Liberal writers, professors and activists have come together and signed an open letter in the hopes of ending "cancel culture."
"Harry Potter" author J.K. Rowling, New York Times opinion editor Bari Weiss and political activist Noam Chomsky are a few of more than 100 names attached to the piece titled "A Letter on Justice and Open Debate" that was published Tuesday in Harper's Magazine.
"Our cultural institutions are facing a moment of trial," the letter begins. "Powerful protests for racial and social justice are leading to overdue demands for police reform, along with wider calls for greater equality and inclusion across our society, not least in higher education, journalism, philanthropy, and the arts."
"But this needed reckoning has also intensified a new set of moral attitudes and political commitments that tend to weaken our norms of open debate and toleration of differences in favor of ideological conformity. As we applaud the first development, we also raise our voices against the second."
While the letter calls President Trump a "real threat to democracy," it also warns that the resistance should not "harden into its own brand of dogma or coercion," insisting that an "intolerant climate" has plagued both sides of the aisle.
"The free exchange of information and ideas, the lifeblood of a liberal society, is daily becoming more constricted," the letter explains. "While we have come to expect this on the radical right, censoriousness is also spreading more widely in our culture: an intolerance of opposing views, a vogue for public shaming and ostracism, and the tendency to dissolve complex policy issues in a blinding moral certainty. We uphold the value of robust and even caustic counter-speech from all quarters. But it is now all too common to hear calls for swift and severe retribution in response to perceived transgressions of speech and thought."
"More troubling still, institutional leaders, in a spirit of panicked damage control, are delivering hasty and disproportionate punishments instead of considered reforms. [...] We are already paying the price in greater risk aversion among writers, artists, and journalists who fear for their livelihoods if they depart from the consensus, or even lack sufficient zeal in agreement."

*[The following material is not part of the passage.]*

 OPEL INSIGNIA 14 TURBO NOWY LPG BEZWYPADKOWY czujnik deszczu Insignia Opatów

The letter goes on to say that the "stifling atmosphere" that restricts public debate "invariably hurts those who lack power and makes everyone less capable of democratic participation."

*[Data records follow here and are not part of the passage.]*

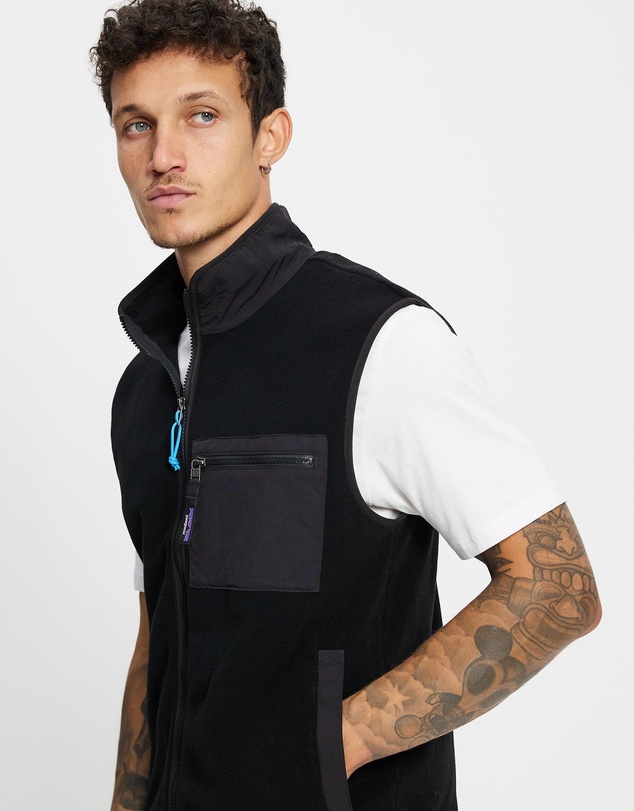 Patagonia - Men's Synchilla Vest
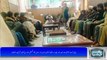 سیال کوٹ: تحصیل صدر تحریک انصاف نے قتل کے معاملہ پر 2 گروہوں کے درمیان صلح کروا دی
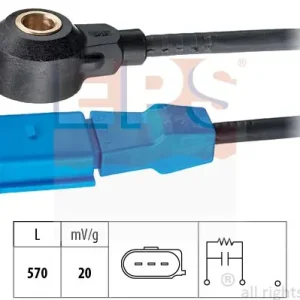 Czujnik spalania stukowego EPS 1.957.048 Hit cenowy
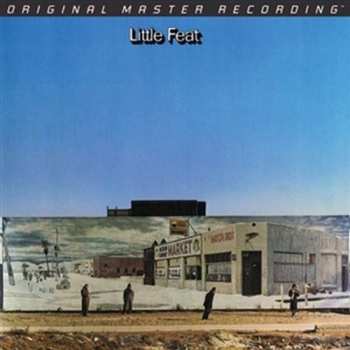 LP Little Feat: Little Feat LTD | NUM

"We need to preserve the possibility of good-faith disagreement without dire professional consequences," the letter says. "If we won’t defend the very thing on which our work depends, we shouldn’t expect the public or the state to defend it for us."
Other signatures attached to the letter include New York Times columnists David Brooks and Michelle Goldberg, CNN host Fareed Zakaria, The Atlantic writer David Frum, "The Handmaid's Tale" author Margaret Atwood and feminist icon Gloria Steinem.
Rowling has been under fire by the viral mob in recent weeks for defending the concept of biological sex, which critics have deemed transphobic.
Meanwhile, Weiss drew ire among her colleagues after she claimed that a "civil war" has taken place within The New York Times following the uproar sparked after the newspaper published an op-ed written by Sen. Tom Cotton that led to the removal of its editorial page editor James Bennet. It was also reported that during an internal town hall meeting, a Times employee had asked if Weiss was going to be fired over the incident.